Okay, I'm stating the obvious. But you wouldn't know it to look a some buildings. There are technocrats in all building-related fields that will tell you that a six-sided box is the cheapest thing to build and, apart from the sphere, the most energy efficient (true). Others will tell you it is the minimalist ideal and that simplicity unclutters and frees the mind (arguably true). Still others seem to have trouble imagining anything else.

For those in the latter category I would suggest trailer homes and their offspring: manufactured homes. For modern architecture, sure, a simple structure removes interior bearing walls and makes for flexible floor plans with clean, open spaces that do not detract from exterior views or interior furnishings. The basic box? Absolutely. If you are simply wanting to live as cheaply as possible, a simple box simply can't be beat.

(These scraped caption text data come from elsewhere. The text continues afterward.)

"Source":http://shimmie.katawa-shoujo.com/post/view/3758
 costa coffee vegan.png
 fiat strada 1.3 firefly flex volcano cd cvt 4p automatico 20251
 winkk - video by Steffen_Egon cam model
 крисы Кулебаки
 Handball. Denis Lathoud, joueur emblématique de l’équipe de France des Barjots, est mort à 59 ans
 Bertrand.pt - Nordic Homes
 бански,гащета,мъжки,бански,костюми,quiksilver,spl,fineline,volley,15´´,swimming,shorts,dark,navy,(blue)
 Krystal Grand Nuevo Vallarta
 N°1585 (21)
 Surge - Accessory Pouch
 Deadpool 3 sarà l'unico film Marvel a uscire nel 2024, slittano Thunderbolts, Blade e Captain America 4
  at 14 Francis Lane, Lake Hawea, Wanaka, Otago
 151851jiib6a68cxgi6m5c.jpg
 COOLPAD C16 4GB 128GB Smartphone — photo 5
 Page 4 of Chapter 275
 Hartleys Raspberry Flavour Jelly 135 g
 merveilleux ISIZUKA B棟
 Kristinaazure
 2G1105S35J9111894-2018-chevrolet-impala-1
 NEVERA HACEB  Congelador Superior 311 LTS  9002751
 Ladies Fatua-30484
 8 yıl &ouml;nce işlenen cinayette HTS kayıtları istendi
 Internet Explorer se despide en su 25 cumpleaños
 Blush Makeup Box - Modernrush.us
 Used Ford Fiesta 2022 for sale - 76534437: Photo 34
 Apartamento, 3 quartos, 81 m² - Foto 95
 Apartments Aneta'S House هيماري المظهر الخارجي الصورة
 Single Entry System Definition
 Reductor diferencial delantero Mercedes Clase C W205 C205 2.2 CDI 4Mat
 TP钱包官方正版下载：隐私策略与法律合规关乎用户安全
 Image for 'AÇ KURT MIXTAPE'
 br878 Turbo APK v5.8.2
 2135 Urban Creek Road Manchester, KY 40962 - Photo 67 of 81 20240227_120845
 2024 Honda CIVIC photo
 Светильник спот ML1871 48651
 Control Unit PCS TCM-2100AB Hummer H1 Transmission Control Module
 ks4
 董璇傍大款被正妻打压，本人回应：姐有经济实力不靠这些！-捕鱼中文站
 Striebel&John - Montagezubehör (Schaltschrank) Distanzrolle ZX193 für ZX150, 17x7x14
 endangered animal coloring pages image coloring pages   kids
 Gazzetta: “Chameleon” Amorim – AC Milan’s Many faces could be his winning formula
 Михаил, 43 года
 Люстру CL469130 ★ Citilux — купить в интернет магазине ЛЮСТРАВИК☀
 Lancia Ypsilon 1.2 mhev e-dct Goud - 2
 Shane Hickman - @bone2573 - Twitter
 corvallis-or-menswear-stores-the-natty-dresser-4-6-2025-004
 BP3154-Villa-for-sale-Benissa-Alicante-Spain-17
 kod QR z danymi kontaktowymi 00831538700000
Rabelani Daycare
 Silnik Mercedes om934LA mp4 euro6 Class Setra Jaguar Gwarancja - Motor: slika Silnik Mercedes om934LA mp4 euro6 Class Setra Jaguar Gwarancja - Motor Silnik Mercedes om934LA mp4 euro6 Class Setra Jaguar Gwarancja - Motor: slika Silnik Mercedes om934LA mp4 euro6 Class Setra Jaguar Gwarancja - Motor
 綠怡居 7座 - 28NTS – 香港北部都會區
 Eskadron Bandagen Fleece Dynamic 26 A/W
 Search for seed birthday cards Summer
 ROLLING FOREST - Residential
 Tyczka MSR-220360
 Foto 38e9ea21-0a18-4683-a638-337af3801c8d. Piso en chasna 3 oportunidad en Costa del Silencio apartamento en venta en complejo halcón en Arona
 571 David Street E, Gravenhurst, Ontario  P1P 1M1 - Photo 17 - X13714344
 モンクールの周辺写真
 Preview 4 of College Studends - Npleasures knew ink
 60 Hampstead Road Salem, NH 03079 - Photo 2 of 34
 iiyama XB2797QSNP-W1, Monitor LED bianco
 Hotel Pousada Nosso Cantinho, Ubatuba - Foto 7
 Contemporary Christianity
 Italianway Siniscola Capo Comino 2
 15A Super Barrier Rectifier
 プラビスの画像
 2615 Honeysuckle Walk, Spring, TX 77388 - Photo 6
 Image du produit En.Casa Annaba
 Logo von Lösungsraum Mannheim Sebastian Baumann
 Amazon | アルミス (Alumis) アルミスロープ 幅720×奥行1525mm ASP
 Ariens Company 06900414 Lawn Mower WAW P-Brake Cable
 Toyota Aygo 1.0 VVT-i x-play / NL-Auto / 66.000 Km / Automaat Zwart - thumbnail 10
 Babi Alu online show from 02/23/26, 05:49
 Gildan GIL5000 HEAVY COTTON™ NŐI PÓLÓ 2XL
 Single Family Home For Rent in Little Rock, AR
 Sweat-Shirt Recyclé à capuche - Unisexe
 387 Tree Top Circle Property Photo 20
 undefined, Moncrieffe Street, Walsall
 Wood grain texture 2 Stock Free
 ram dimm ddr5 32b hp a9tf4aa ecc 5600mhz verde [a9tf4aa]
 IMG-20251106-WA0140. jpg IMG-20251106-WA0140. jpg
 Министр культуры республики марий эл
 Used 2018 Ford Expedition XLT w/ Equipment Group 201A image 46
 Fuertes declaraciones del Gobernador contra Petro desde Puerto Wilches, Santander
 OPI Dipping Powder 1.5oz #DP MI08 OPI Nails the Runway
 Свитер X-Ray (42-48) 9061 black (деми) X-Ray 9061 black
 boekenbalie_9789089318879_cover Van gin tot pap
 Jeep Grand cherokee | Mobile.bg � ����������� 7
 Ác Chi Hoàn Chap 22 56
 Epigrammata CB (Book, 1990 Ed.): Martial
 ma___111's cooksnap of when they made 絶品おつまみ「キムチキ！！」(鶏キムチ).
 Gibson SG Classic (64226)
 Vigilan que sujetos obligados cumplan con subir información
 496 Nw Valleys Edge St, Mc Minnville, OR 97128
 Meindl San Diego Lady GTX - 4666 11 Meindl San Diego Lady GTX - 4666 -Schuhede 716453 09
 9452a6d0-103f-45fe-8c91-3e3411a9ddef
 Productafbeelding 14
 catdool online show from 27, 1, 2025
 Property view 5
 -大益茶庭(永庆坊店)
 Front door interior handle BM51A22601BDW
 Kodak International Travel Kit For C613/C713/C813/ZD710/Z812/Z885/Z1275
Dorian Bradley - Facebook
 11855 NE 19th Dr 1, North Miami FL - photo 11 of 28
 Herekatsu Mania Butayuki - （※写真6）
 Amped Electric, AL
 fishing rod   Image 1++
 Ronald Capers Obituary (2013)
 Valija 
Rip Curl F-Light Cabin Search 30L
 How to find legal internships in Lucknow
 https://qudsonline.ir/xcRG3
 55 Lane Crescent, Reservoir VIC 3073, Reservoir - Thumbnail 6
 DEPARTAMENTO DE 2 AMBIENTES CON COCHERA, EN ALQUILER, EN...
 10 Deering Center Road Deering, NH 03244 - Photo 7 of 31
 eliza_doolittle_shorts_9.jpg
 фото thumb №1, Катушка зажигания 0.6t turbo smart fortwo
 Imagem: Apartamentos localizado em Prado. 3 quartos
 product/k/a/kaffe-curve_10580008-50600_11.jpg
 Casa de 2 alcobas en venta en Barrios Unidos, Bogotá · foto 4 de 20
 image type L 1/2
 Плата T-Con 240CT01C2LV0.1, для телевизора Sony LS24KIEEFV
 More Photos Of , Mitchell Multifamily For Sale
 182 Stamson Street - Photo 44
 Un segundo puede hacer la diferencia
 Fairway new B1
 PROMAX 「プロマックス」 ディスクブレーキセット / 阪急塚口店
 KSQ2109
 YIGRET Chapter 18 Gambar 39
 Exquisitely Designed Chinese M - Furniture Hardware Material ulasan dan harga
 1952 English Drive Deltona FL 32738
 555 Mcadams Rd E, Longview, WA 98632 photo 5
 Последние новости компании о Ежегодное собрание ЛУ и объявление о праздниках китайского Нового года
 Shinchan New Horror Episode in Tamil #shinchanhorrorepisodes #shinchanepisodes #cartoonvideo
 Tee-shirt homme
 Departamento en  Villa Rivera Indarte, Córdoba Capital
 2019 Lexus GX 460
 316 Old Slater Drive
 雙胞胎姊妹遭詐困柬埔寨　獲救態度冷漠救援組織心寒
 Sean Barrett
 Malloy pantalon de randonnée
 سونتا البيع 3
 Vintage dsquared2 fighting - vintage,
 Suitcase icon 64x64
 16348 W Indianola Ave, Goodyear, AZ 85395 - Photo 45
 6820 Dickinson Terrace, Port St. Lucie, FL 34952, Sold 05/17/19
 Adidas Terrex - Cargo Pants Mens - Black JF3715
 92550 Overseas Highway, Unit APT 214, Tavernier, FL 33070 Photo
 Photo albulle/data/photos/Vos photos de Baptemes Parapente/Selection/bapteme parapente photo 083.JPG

Living in a building that looks and feels like a polar research lab dropped in by a helicopter, however - or attempting to live in an impossibly clean (except in photographs) Star Trek vision of otherworldly, blissful bodily separation from the unnatural world - has its proponents. But we're going to annoy them all by following a few right-brain-ish (and Wright-ish) roots in search of homes that not only consider, but celebrate their surroundings. First though, we need a dash of history:

Briefly, the concept of organic architecture originated with architect Louis Sullivan back around the turn of the (previous) century, while the term was later coined and branded by Frank Lloyd Wright, who had mentored under Sullivan. Scores of architects and scholars that followed have continued to further refine and articulate what began as a kind of fuzzy, right-brain notion. But, since we're still mostly in that lobe, the idea is what we will focus on.

Unfortunately, the idea of organic architecture was really nothing new. It just seemed fresh and new to a relatively new country composed of mostly transplanted Western Europeans in the latter part of the 19th century. A new continent with still abundant natural resources needed its own architectural identity and organic architecture fit the bill. Contemporary architect, Eric Corey Freed beautifully points to the distinction, both then and now:

"Using Nature as our basis for design, a building or design must grow, as Nature grows, from the inside out. Most architects design their buildings as a shell and force their way inside. Nature grows from the idea of a seed and reaches out to its surroundings. A building thus, is akin to an organism and mirrors the beauty and complexity of Nature."

A cynic might conclude that the movement's originators, instead of having a new idea, may have simply "ceased to have an old idea" - and that, seeking inspiration in the new world, one had merely to take a sojourn to the wilderness to rediscover nature and apply it. It may have also occurred to them to look back to the vanquished American Indian or beyond, to imagine a span of a million or more years of human history and a time when "declaring organic architecture to be the modern ideal" was the obvious and inescapable norm.

Say what you will about a fuzzy idea becoming a philosophy and an institution with rules and different schools with untold numbers of doctoral theses, leading to careers as disciples of disciples, each trying to carve out their own little niche. Say the idea is as old as art - no matter; the modern version of organic architecture has deepened our awareness of how our buildings can reflect and respond to ourselves and to the natural world.

Revolving around a respect for materials and the integration of the site, structure and spaces into a coherent whole, the idea is as fresh and adaptable in its interpretation for each individual today as it is to each new generation. Emerging technologies become assimilated, but rather than displace core principles, they enhance and offer new opportunities. As the antithesis of an imposed style, our building is always related to its place and time. It will continue to reflect an idea, and an ideal, that is seemingly as inexhaustible as nature itself.

The box, as it turns out, has developed some connections.